Category Archives: Uncategorized

King 5: horrible registration example

When you run a web site, you never want to ask people for more information than you have to. If you’re signing them up for an email newsletter, you only really need their email address, and that’s all they want to give you.

King 5 is a local Seattle TV station. To register for things like being able to see some content, and junk like that, you have to provide:

Email address
Confirm it (bleah)
Password
Confirm password

That’s reasonable enough.

Then it requires:
First Name
Last Name
Gender
Year of Birth

So immediately, in that first section, that’s too much information that you can be fairly sure they’re going to use to go out and buy up your demographic data. THis is then followed by (still required):
Select your favorite hobbies or interests. Check as many boxes as you would like

and still more personal information.

Address
Country
City
State
Zip Code
Telephone
and
Typically, how do you get your copy of a local newspaper?

If you weren’t convinced something fishy was going on before, well, this should set off all kinds of alarm bells.
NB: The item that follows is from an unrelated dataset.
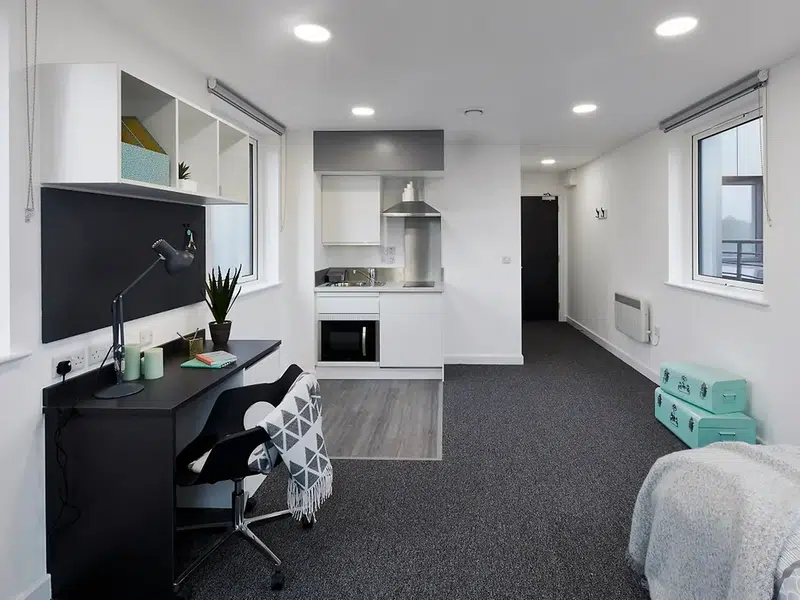 Extra Large Premium Studio photo 1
Telephone number? Really? What possible reason do they have for requiring my phone number?

It’s crazy. I suspect King 5 must suffer a massive abandon rate. There’s nothing they could possibly keep behind such a registration wall that would justify me giving up that kind of information (unless I make it up).
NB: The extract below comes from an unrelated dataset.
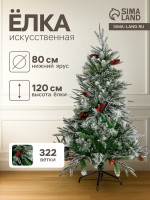 ������������� ���� ������� ����������. ���������, 120 ��, 322 ��� �����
It’s almost as bad as their newscasts.

Even people who leave represent your company

I realized that there’s another hidden cost to hiring bad people that shows up when they’re forced out: they give a company a bad name. I hadn’t thought much about this until today, but it’s true: my opinion of a set of companies is colored greatly by the people I know from work who’ve left that company.

Say your employer hires a couple people from Company X over a few months, and they’re all competent but the most inconsiderate jerks: they insult people in meetings, spend much of their time forming little conspiracies, and in general act badly. That’s absolutely going to affect your opinion of that company — even if they were forced out of that company for not being good fits.
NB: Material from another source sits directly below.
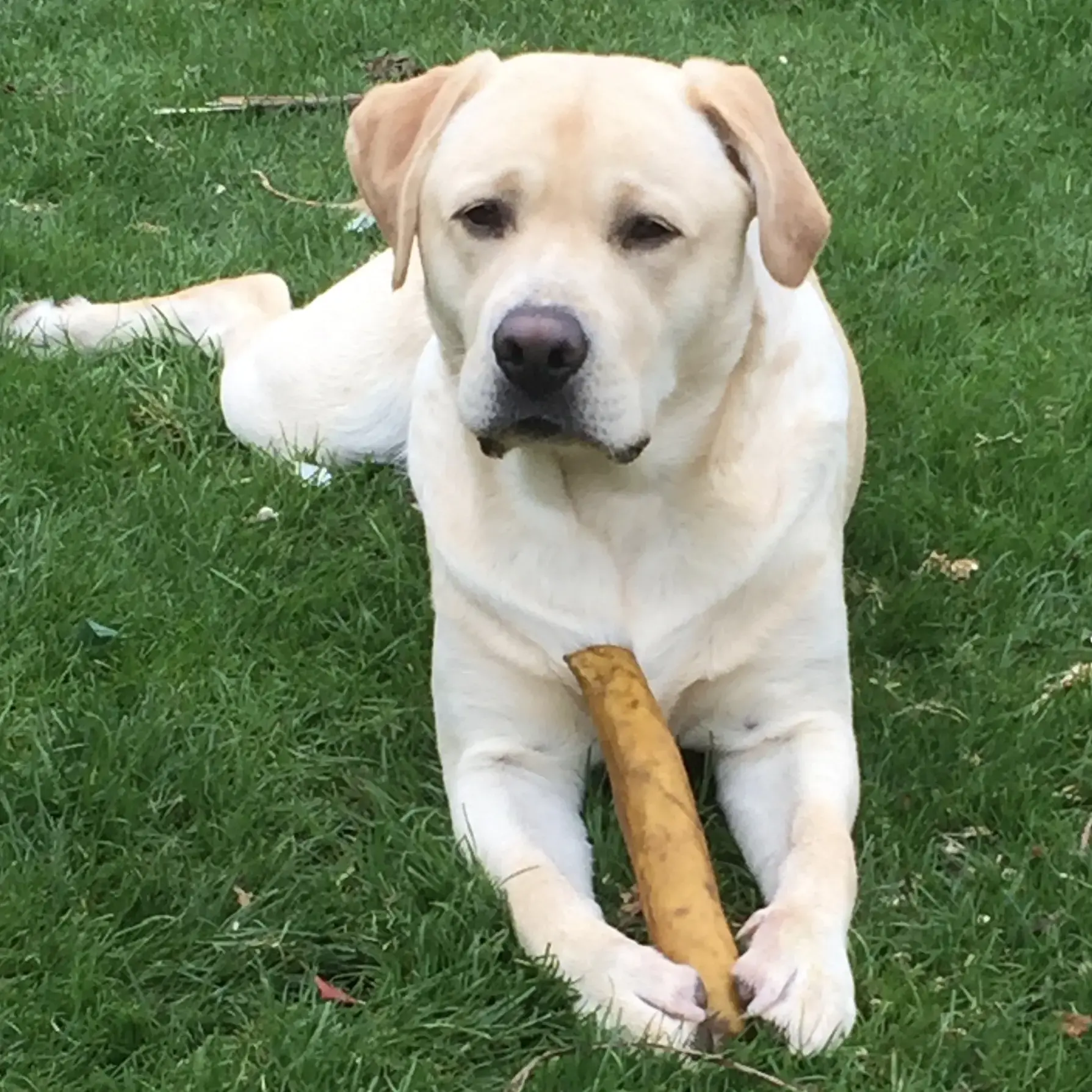 Labrador Retriever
This makes for a particularly weird phenomena. Consider a dying company with a large, reasonably competent IT department.
Healthy: normal flow of people out of the company.
Early signs of decay: increasingly more of the best people leave. The outside perception is that employees leaving the company are unusually good.
Getting sicker: more and more of the good people take off. They join other companies and help bring other good people on. This company may not be viewed as a goldmine of potential high-quality employees
Needs hospitalization: employees of all stripes are leaving voluntarily and being laid off or forced to leave. These quality of leaving employee drops in general, and so does the opinion of those leaving it.
Deathbed: all the last rats who couldn’t get a job gnawing on any other corpse swim to the job marketplace. No wonder the company went under, if that’s the kind of person they had working for them.

This is another reason why it’s so important to be super-selective in hiring. Even if you’ve got an unusually frisky HR department that’s good at forcing people out when a bad hire gets in, those bad hires then carry your company’s name at the top of their resume when they start pounding the pavement, and you get a reputation. Then when you want to get a new job, you may find that the market’s prejudiced against you, so if only for selfish reasons you should look out for this possibility.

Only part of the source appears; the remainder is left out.